Contudo a cada um destes objetos, além de nomeados, se deve associar
uma localização, ou seja, o objeto deve estar confinado num espaço
finito com inúmeros referenciais ao entorno, além de critérios de
validade que identifiquem suas propriedades e funções. A este
espaço que pode ser real ou imaginário se denomina espaço de
existência do objeto. Portanto, todo objeto passível de ser
referenciado nominalmente, e confinado num espaço finito com
inúmeros referenciais ao entorno, também é finito e representa um
nome comum, por outro lado, algo que não possa ser referenciado
dentro dos limites de um espaço finito real ou imaginário, não
pode receber um nome!
Objetos
concretos, abstratos e imaginários.
Desde
que haja objeto abstrato, sua localização está num espaço
imaginário, nesse caso um objeto abstrato, confinado num espaço
imaginário, embora não tenha um corpo físico, todavia tem um
formato imaginário, que da mesma forma pode ser referenciado por
inúmeros referenciais reais ao entorno. De acordo com este paradigma
se pode referenciar um objeto imaginário, por exemplo, uma
singularidade num espaço real, e um objeto real e abstrato, num
espaço imaginário. Por exemplo o amor: “É um objeto real, fixo,
impessoal e abstrato, nomeado, que pode ser referenciado num espaço
imaginário por inúmeros seres (referenciais) reais ao entorno”.

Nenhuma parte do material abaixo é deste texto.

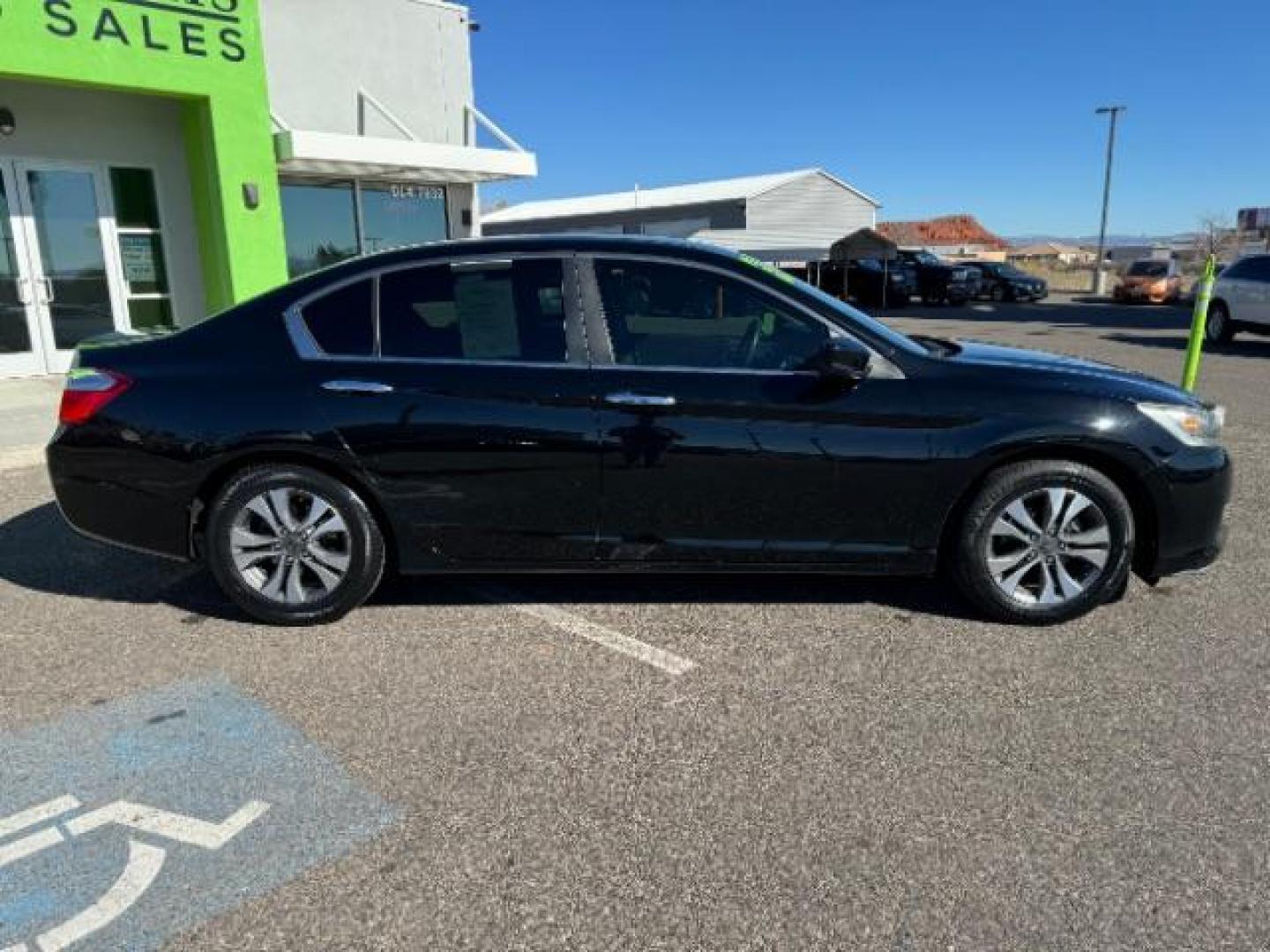 2013 Crystal Black Pearl /Black Cloth Interior Honda Accord LX Sedan CVT (1HGCR2F33DA) with an 2.4L L4 DOHC 16V engine, Continuously Variable Transmission transmission, located at 940 North Main Street, Cedar City, UT, 84720, (435) 628-0023, 37.692936, -113.061897 - Photo#11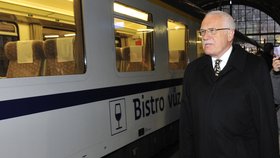 Prezident Václav Klaus dnes ráno odjel vlakem směr Polsko, kde se uskuteční pohřeb polského prezidentského páru.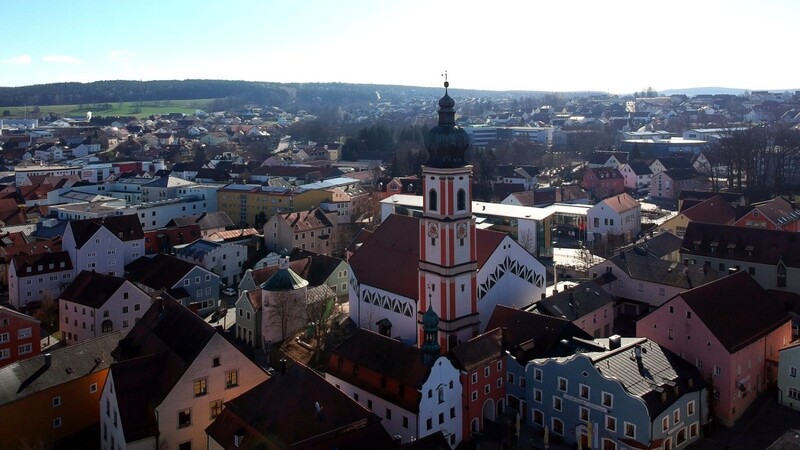 Im Mittelpunkt das Wahrzeichen der Stadt: der Kirchturm. Er misst 48 Meter und wurde im Jahr 1758 vollendet. Im Vordergrund befindet sich das Alte Rathaus, erbaut um 1634. Hinter der Kirche liegt das Rathaus, weiter oben die Konrad-Adenauer-Realschule.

Alguém pode questionar essa teoria citando que o amor, um objeto
abstrato, é eterno. Trata-se obviamente de uma premissa inválida
que faz parte do senso comum, pois amar é uma opção do ser, logo a
ação de amar somente existe se o ser amante existir. Geralmente objetos
deste tipo expressam manifestações da alma, portanto são objetos
auxiliares, não possuindo existência própria são dependentes da
existência do ser sem a qual não tem sentido ou utilidade alguma!
Limite
temporal dos objetos referenciáveis.
Até
aqui citou-se teorias que levam em conta referenciar algo que esteja
nomeado, e portanto confinado num espaço finito, real ou imaginário
com inúmeros referenciais ao entorno. A pergunta seria: A divindade
pode ser confinada e referenciada dentro de um espaço finito com
inúmeras referências no entorno? Se isto for possível, então
pode-se dar a ela um nome do tipo comum, porém esta hipótese
implica que esta divindade está limitada pelo espaço, e por
definição é finita. Mas, de acordo com a proposta monoteísta do Israel, a
divindade não é temporal e nem finita, então não é possível
atribuir um nome comum à divindade, pois não é possível confinar
o infinito num espaço físico ou imaginário que por definição é
finito!
O
segredo e o significado ocultos no tetragrama.
Agora
que sabemos que a divindade não pode ter um nome comum, faremos uma
análise dos atributos da divindade que se ocultam no tetragrama, com
base no hebraico mishnaico, cuja maior parte das escrituras judaicas
foi escrita. Antes de entrar nessa etapa, convém observar que o
hebraico faz parte das antigas línguas semíticas, fortemente
intuitiva, com um tipo de gramática tardia e muitas vezes estranha
às estruturas das línguas ocidentais, inclusive o hebraico moderno,
que são de forma geral muito manipuladas e sofisticadas.
Dentro
deste paradigma, o tetragrama
יהוה
1
- Não é um nome do tipo comum de expressão pessoal
2
- Não pode identificar um objeto confinado em um espaço limitado
por inúmeros referenciais no entorno porque não representa um
objeto finito
3
- Não representa diretamente uma pessoa, mas descreve atributos da
divindade
De
fato ele representa esses atributos ao menos por meio de duas frases
ocultas no seu contexto:
Utilizando
combinações de caracteres, conforme a tradição cabalística
denominada (חכמה
ב-צרוף)
do verbo (לצרף)
= combinar, se encontra a primeira frase: (יה
הוה)
-Yá hovê. Cujo significado é: o D´us da aliança (יה)
está presente (הווה)
– que é o tempo presente (zman hovê) do verbo (להיות)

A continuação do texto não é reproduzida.